Carlot-ta (Carlotta Sillano)
SpazioRock.it ha incontrato la giovane Carlot-ta per parlare del suo ultimo disco, "Songs Of Mountain Stream", tutto dedicato alle Alpi, concettualmente e da un punto di vista sonora, ma anche del futuro e delle preoccupazioni che porta, specialmente quando si fa un tipo di musica che si pone nel limbo, tra mainstream e musica indipendente. Buona lettura!
Articolo a cura di Alessandra Leoni - Pubblicata in data: 08/12/14
Intervista curiosa quella a Carlot-ta, forse per il fatto che chi scrive la conosceva da qualche tempo, (soprattutto) al di là della sua carriera musicale, visto che questa conoscenza è stata fatta un po' di anni fa, ben lontano da un palco o da un locale di musica dal vivo. Ed è stato con vivo interesse che ho voluto intervistarla, con quella familiarità e complicità da "compagna di studi" e quella curiosità giornalistica che mi ha spinto a saperne di più circa una persona che, fino a quel momento, non conoscevo nella veste di cantautrice, peraltro una cantautrice molto brava ed eclettica. 
 

Chi è Carlot-ta? "È dal 2010, circa dall'inizio dell'università, che ho questo progetto sotto il nome di Carlot-ta. Il mio primo disco è uscito nel 2011 e si intitolava ‘Make Me A Picture Of The Sun', un disco uscito per caso.

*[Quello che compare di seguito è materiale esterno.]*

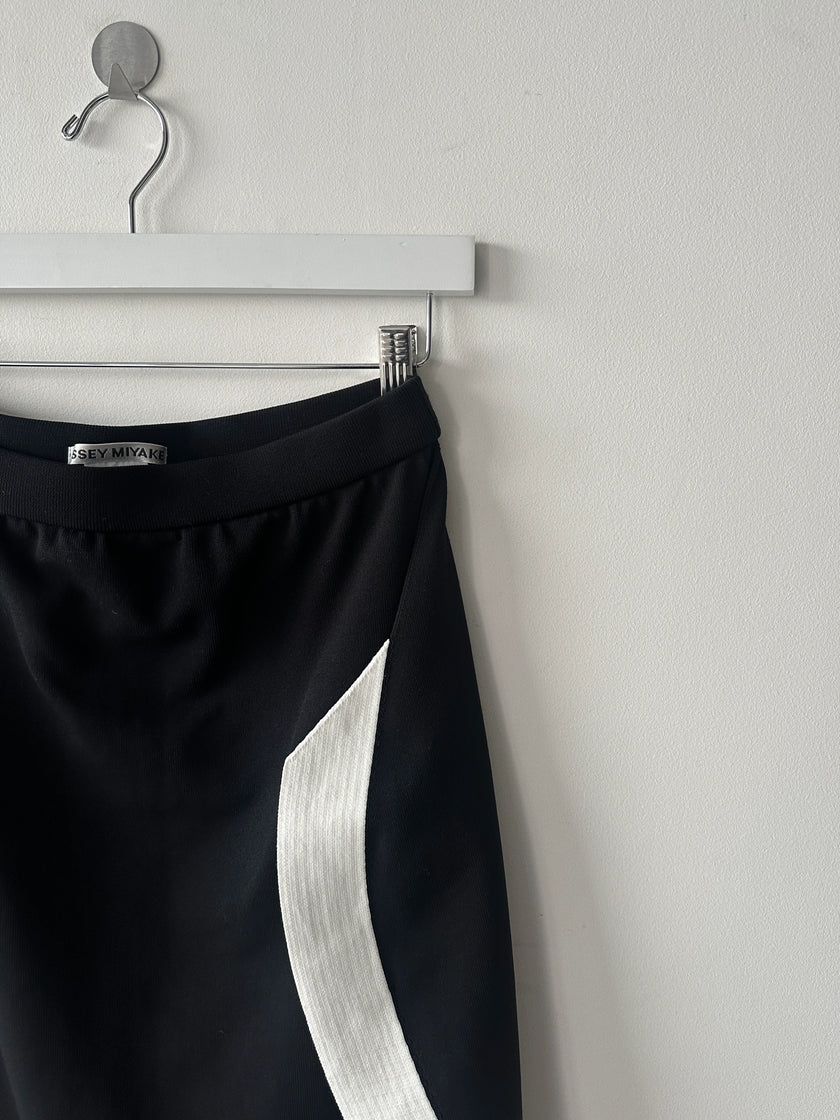 ISSEY MIYAKE -  F/W 2023 SCULPTURAL SKIRT WITH CURVED SIDE PANELS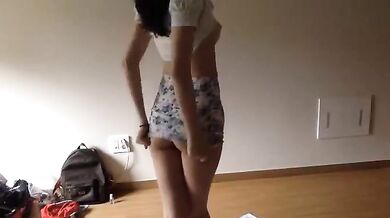 郭同級生のストリップ自撮り2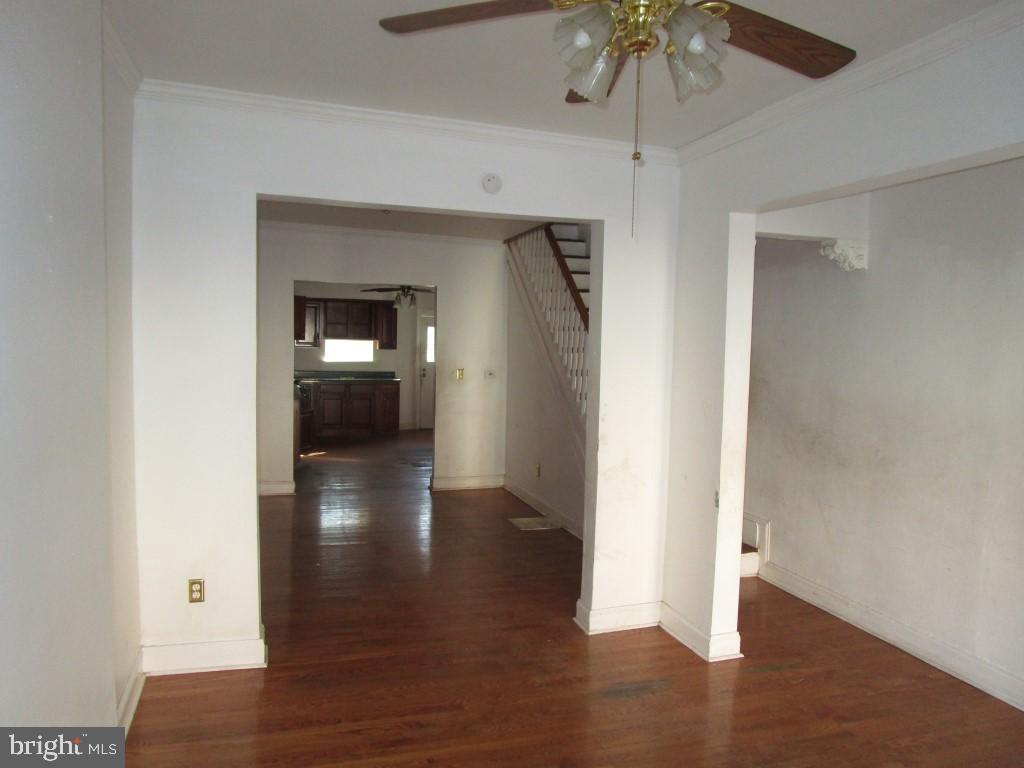 1673 Darley Avenue Baltimore, MD 21213 - Photo 4 of 17 Living Area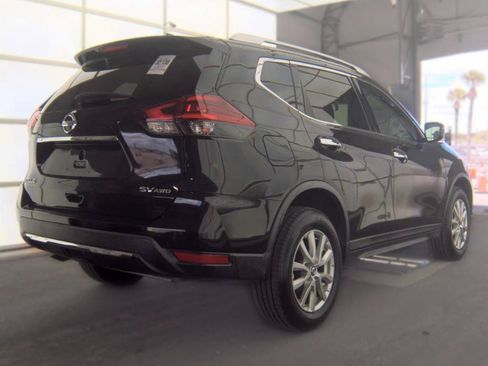 Used 2018 Nissan Rogue SV AWD/4WD image 4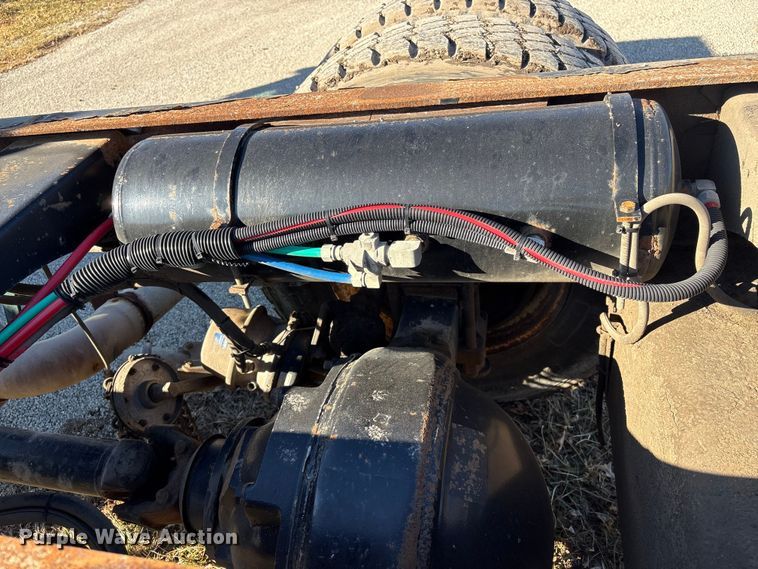 image for item FG2516 2006 HME  4465 900 fire truck cab and chassis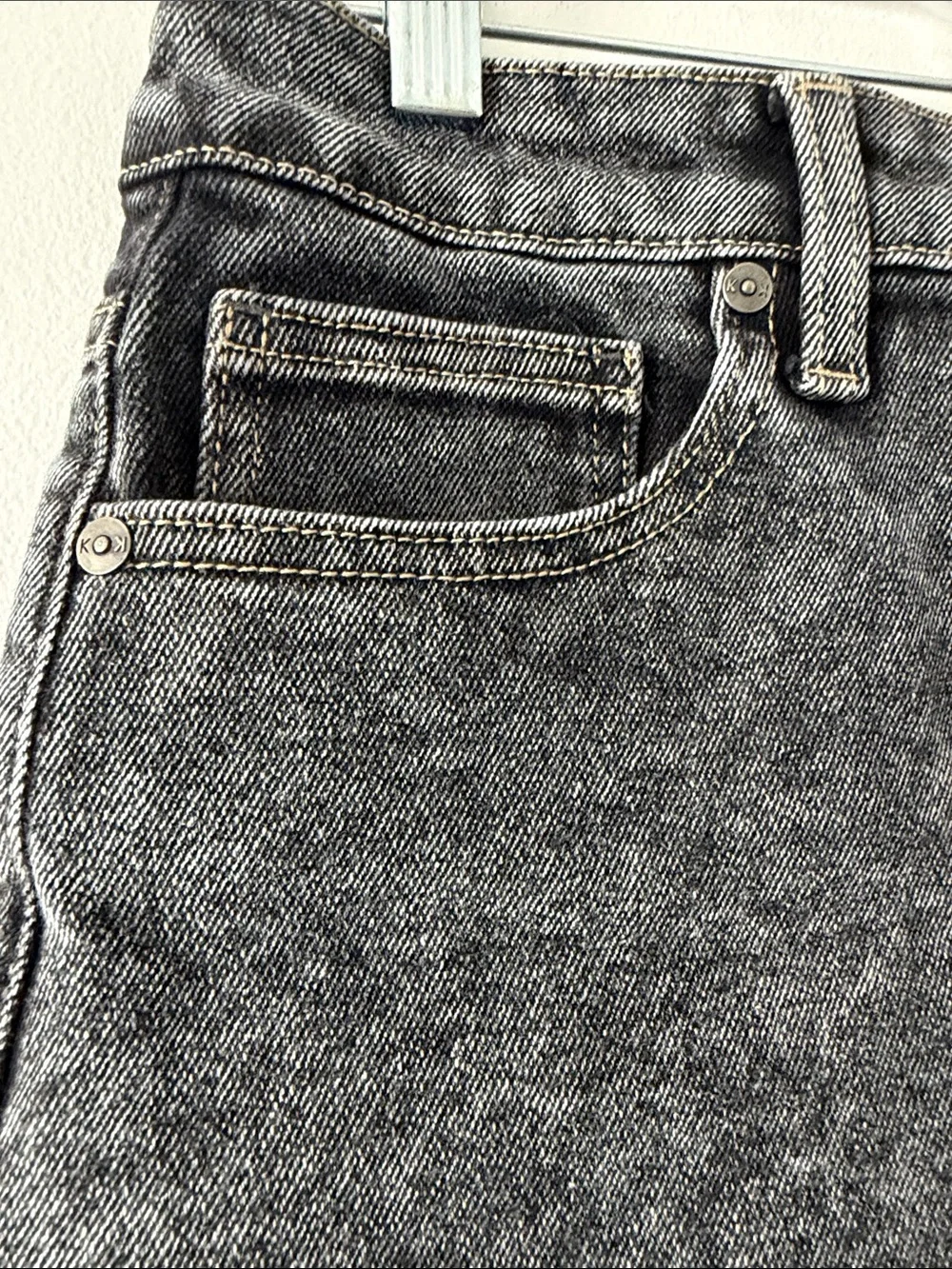 High Rise Black Acid Wash Denim Shorts Raw Hem KENDALL + KYLIE The Drifter 13/31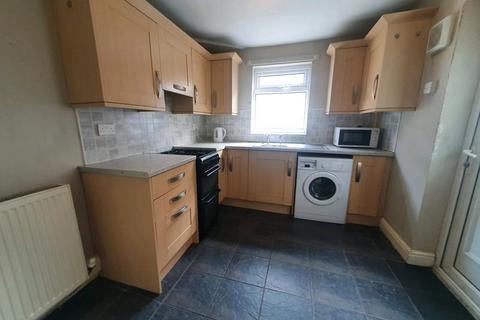 3 bedroom terraced house to rent, Seedley Park Road, Salford M6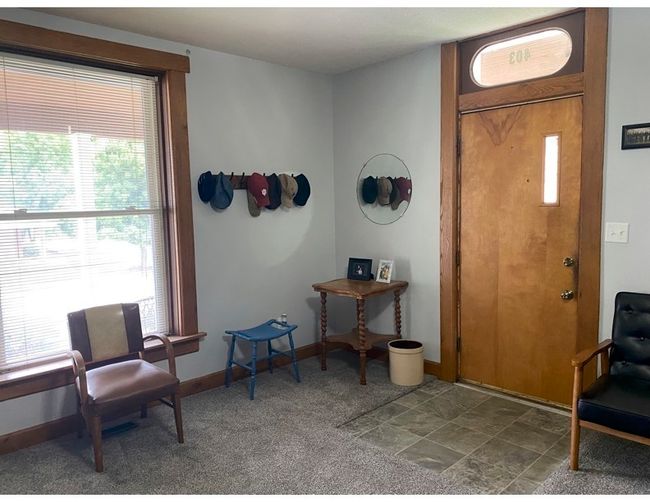 403 W Spring St, House other with 3 bedrooms, 2 bathrooms and null parking in Brownstown IN | Image 4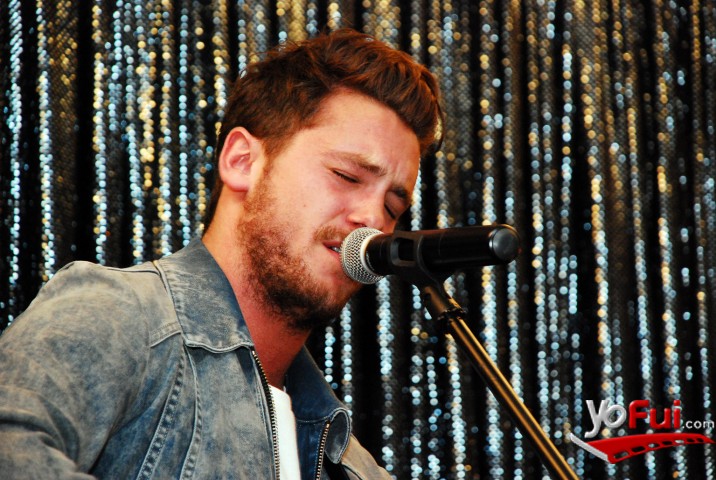 Fotografía en Concierto privado de Bastian Baker en Grand Hyatt Santiago, Salón Aysén, Grand Hyatt Santiago
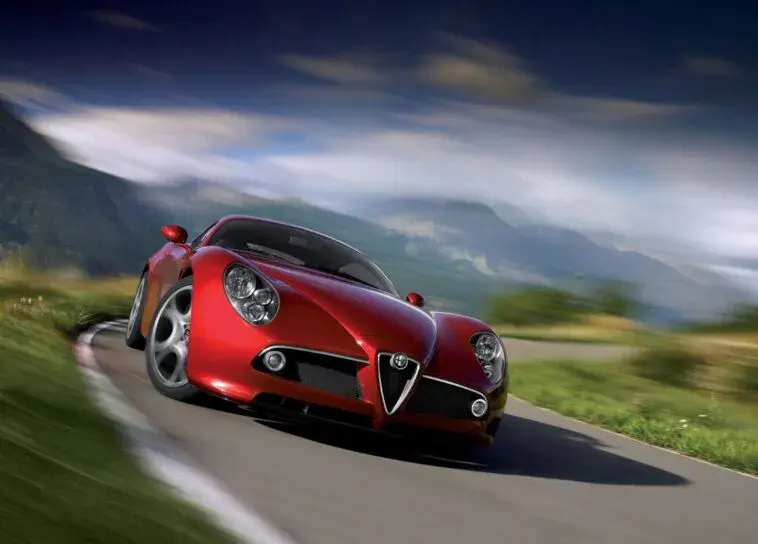 Alfa Romeo 8C Competizione - 1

Io suono il pianoforte da quando sono piccola, e ho suonato la chitarra in varie band locali (Carlot-ta è di Vercelli - NdR) e ho iniziato a scrivere queste canzoni nella mia stanza, in solitudine. All'epoca c'era MySpace, che allora era uno strumento piuttosto funzionante e le ho pubblicate lì. Un'etichetta della Toscana le ha ascoltate e mi ha chiesto se mi sarebbe piaciuto fare un disco. Io allora non sapevo neanche che cosa volesse dire fare un disco nelle sue fasi, però ho detto loro di sì. Dopo un paio di anni di lavorazione è uscito, e nel frattempo avevo già iniziato a suonare in giro con questo progetto. Sono stata invitata al Premio Tenco prima ancora che uscisse il disco, ed è stata una buona occasione ai fini della promozione del disco, che è stato promosso molto bene rispetto alle mie aspettative, perché non ne avevo!". 

 

Con molta umiltà, una qualità molto rara di questi tempi, Carlot-ta ha raccontato che il suo disco d'esordio ha vinto qualche premio, e non proprio di poco conto: il Premio Ciampi, il Premio MEI come miglior disco d'esordio, il Premio SuperSound: "Questi premi mi hanno aiutato moltissimo a suonare in giro - credo di aver fatto attorno ai 100 concerti per promuovere quel disco, salendo su palchi molto grandi, ma anche su palchi molto piccoli. Una canzone è stata anche scelta per la pubblicità di una casa automobilistica molto grande, il che ha sempre contribuito alla promozione del mio lavoro. Al termine di questo percorso, urgeva l'uscita di un nuovo album. Avevo scritto delle nuove canzoni in inglese..." spiega. Una piccola parentesi sulla scelta linguistica del proprio materiale è doverosa: "Mi avevano suggerito di fare un disco in italiano, per accontentare una fascia di pubblico differente - ha continuato Carlot-ta - ma in quel momento non avevo quel tipo di materiale; ho deciso quindi di cambiare un po' le cose e di affidarmi a un produttore straniero, Rob Ellis (PJ Harvey e Anna Calvi, tra i tanti artisti con cui ha lavorato - NdR). Gli ho fatto sentire i provini, abbiamo lavorato insieme su quest'album, ‘Songs Of Mountain Stream', uscito il 26 Settembre".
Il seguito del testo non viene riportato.